▸ **Short text fragments from websites**
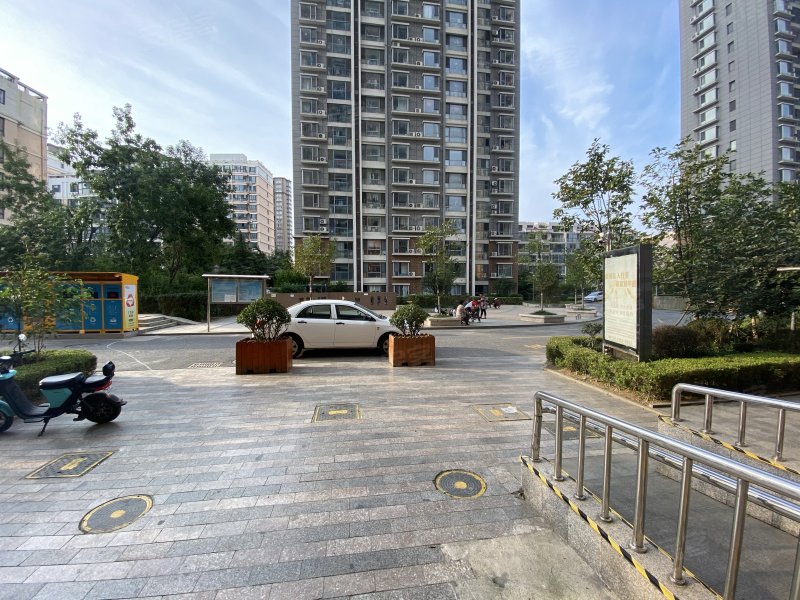 锦都家园,长江东路327号-北京锦都家园二手房,租房,房价-北京安居客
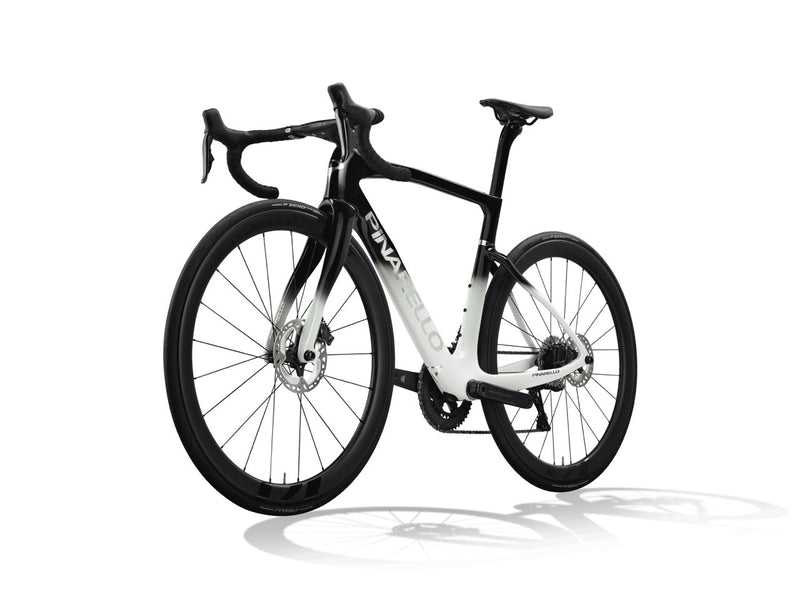 F7 Disc Ultegra Di2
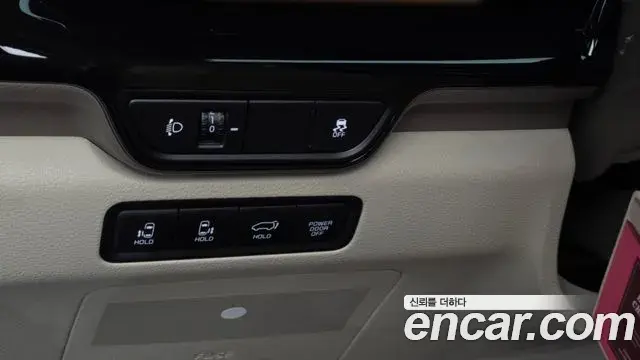 Kia Carnival 2025 — ფოტო 36/39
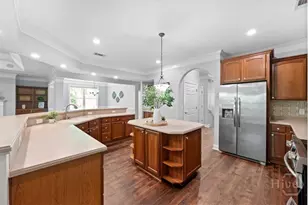 2604 River Oaks Dr, Richmond Hill, GA 31324 - Photo 9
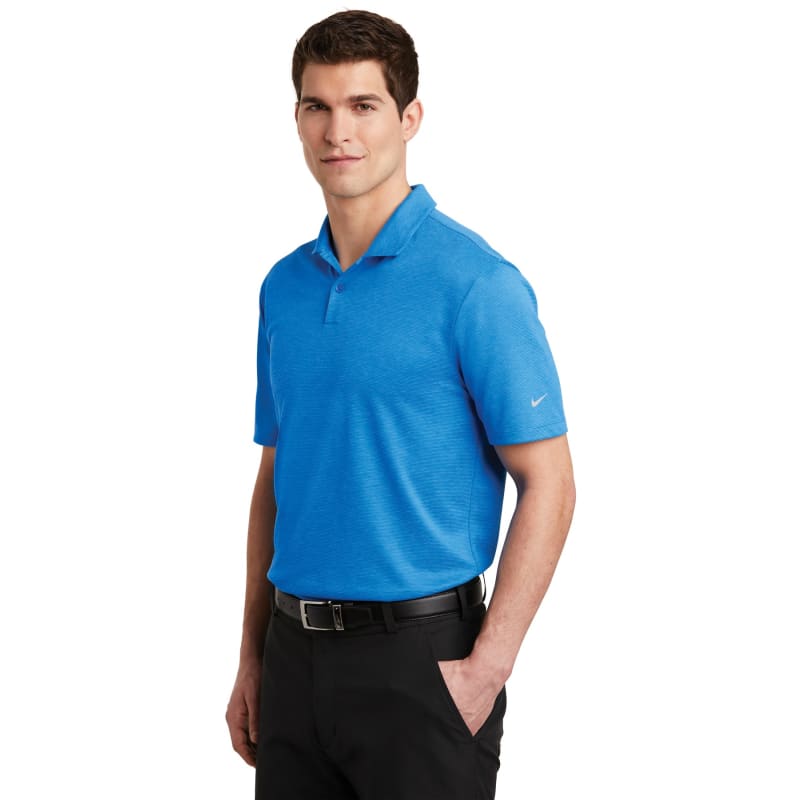 Nike Dri-FIT Prime Polo. 2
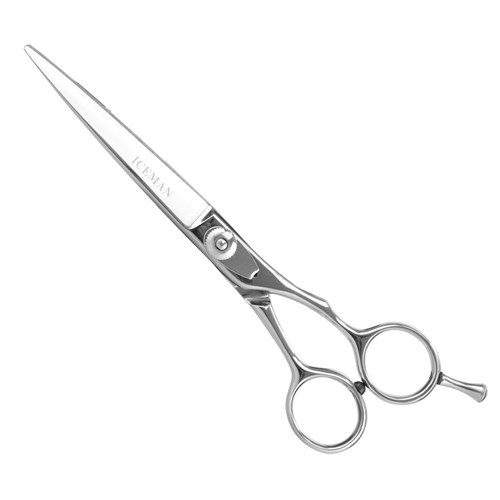 Iceman Mastercut 6.5” Offset Hairdressing Scissors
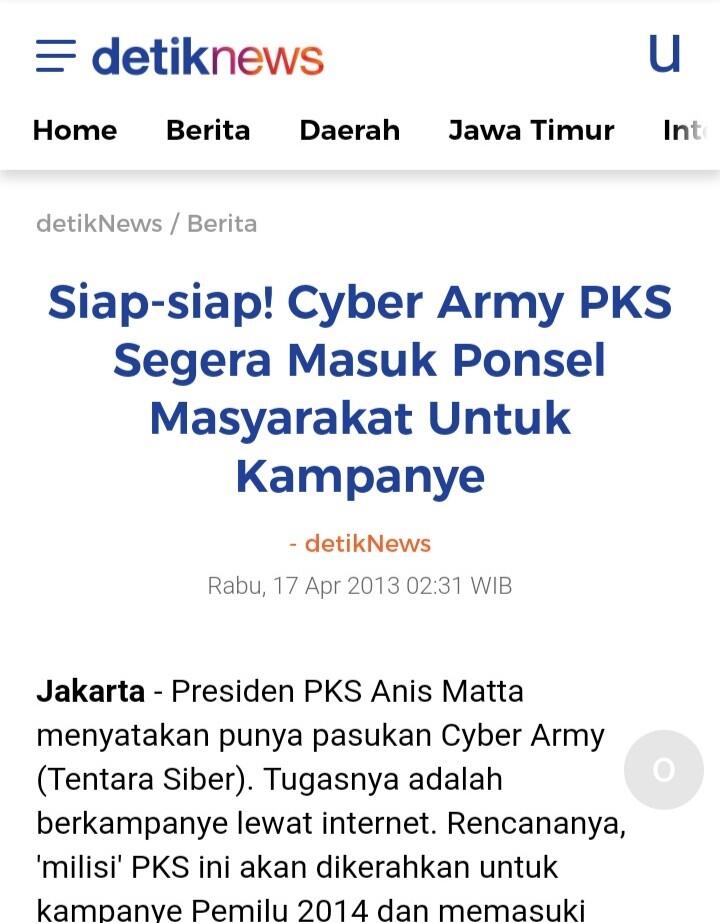 Pemuda Muhammadiyah:Polisi Harus Jawab Tuntutan Masyarakat untuk Tangkap Abu Janda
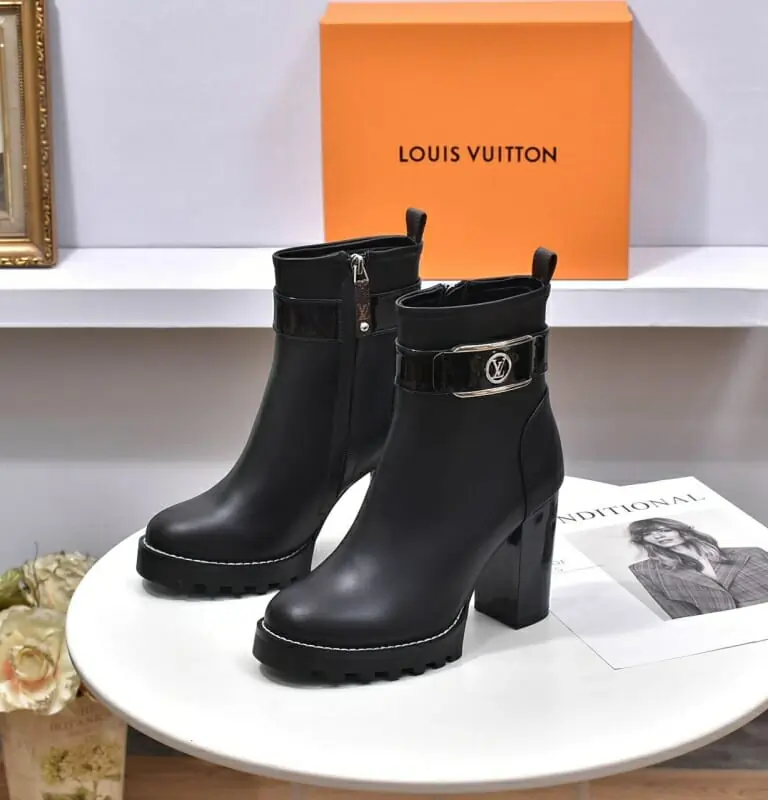 louis vuitton bottes pour femme s_1257a972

▸ **How to complete this task**
The copy you give must repeat each record character for character, but it must not include the pictures.

▸ **Result of the exercise**
 锦都家园,长江东路327号-北京锦都家园二手房,租房,房价-北京安居客
 F7 Disc Ultegra Di2
 Kia Carnival 2025 — ფოტო 36/39
 2604 River Oaks Dr, Richmond Hill, GA 31324 - Photo 9
 Nike Dri-FIT Prime Polo. 2
 Iceman Mastercut 6.5” Offset Hairdressing Scissors
 Pemuda Muhammadiyah:Polisi Harus Jawab Tuntutan Masyarakat untuk Tangkap Abu Janda
 louis vuitton bottes pour femme s_1257a972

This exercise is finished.